Yet another article about existential risks repeating the usual cached thoughts:
People who worry about these things often say that the main threat may come from accidents involving “dumb optimizers” – machines with rather simple goals (producing IKEA furniture, say) that figure out that they can improve their output astronomically by taking control of various resources on which we depend for our survival. Nobody expects an automated furniture factory to do philosophy. Does that make it less dangerous? (Would you bet your grandchildren’s lives on the matter?)
First of all, we are computationally bounded and cannot afford to take into account highly specific, conjunctive, non-evidence-backed speculations on possible bad outcomes. And even if that was feasible, it does not work out in practice.
Anyway, the above quote again exemplifies the dangers of jumping to conclusions. Some sort of black box full of technological magic is conjectured on the basis of which unwarranted assumptions are being inferred which are then subsequently used to draw action relevant conclusions.

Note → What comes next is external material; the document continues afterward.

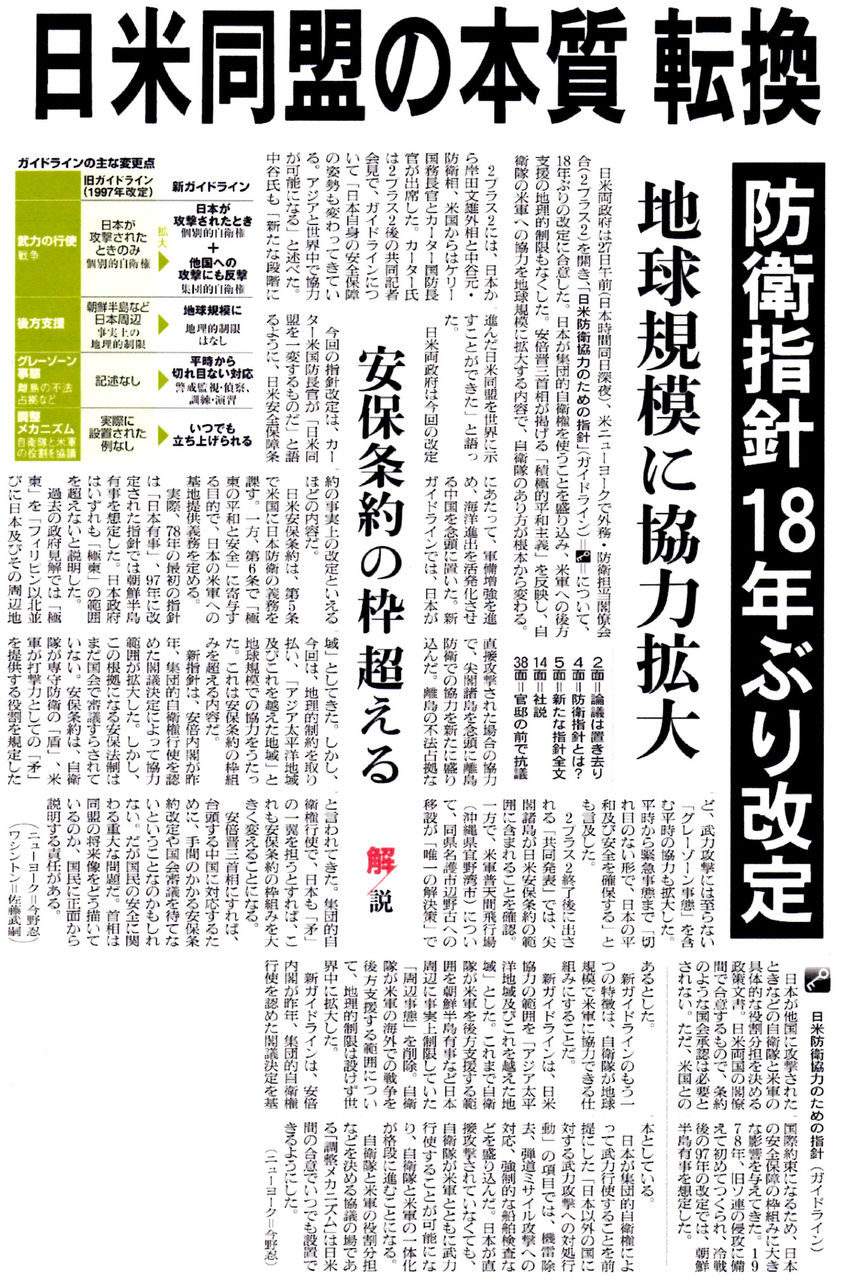 日米防衛協力の指針改定は日米安保の変質でアメリカの戦争に日本が加担するもので認められない Whomeohのblog長崎ぶらぶら平和日記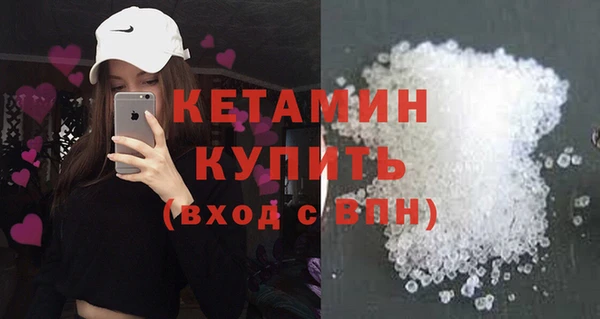 mdpv Армянск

To correctly estimate risks associated with artificial intelligence it is important to take into account real world research and development processes and to pinpoint specific failure modes. It is important to narrow down on how specifically an artificial intelligence is supposed to behave in a catastrophic way by taking apart the mode of operation of the magic black box and the assumptions hidden in words such as <artificial general intelligence> and <explosive recursive self-improvement>. It is important to show how specifically it is possible to arrive at such a scenario by avoiding quantum leaps in thinking about complex scenarios and to instead approach those scenarios incrementally to locate the alleged tipping-point where a well-behaved system starts to act in a catastrophic yet highly complex and intelligent way.
How many different scenarios can you come up with where an artificial intelligence causes an extinction type event if you have to do so in an incremental fashion and have to take into account the real-world research and development process leading up to such a system?
Don’t just assume vague ideas such as <explosive recursive self-improvement>, try to approach the idea in a piecewise fashion. Start out with some narrow AI such as IBM Watson or Apple’s Siri, or from scratch if you like, and add various hypothetical self-improvement capabilities, but avoid quantum leaps. Try to locate at what point those systems start acting in an unbounded fashion, possibly influencing the whole world in a catastrophic way. And if you manage to locate such a tipping-point then take it apart even further. Start over and take even smaller steps, be more specific. How exactly did your well-behaved expert system end up being an existential risk?
The purpose is to break free from recalling old conclusions made by people such as Eliezer Yudkowsky and to start thinking for yourself in a concrete and specific fashion rather than participating in furious handwaving.
At one point software is going to write new, unique and better software all by itself. But that will not happen overnight. There will be a complex developmental and evolutionary process leading up to that outcome. Only if you conjecture the outcome independently of its origin can you imagine a software that makes better software irrespective of human intention.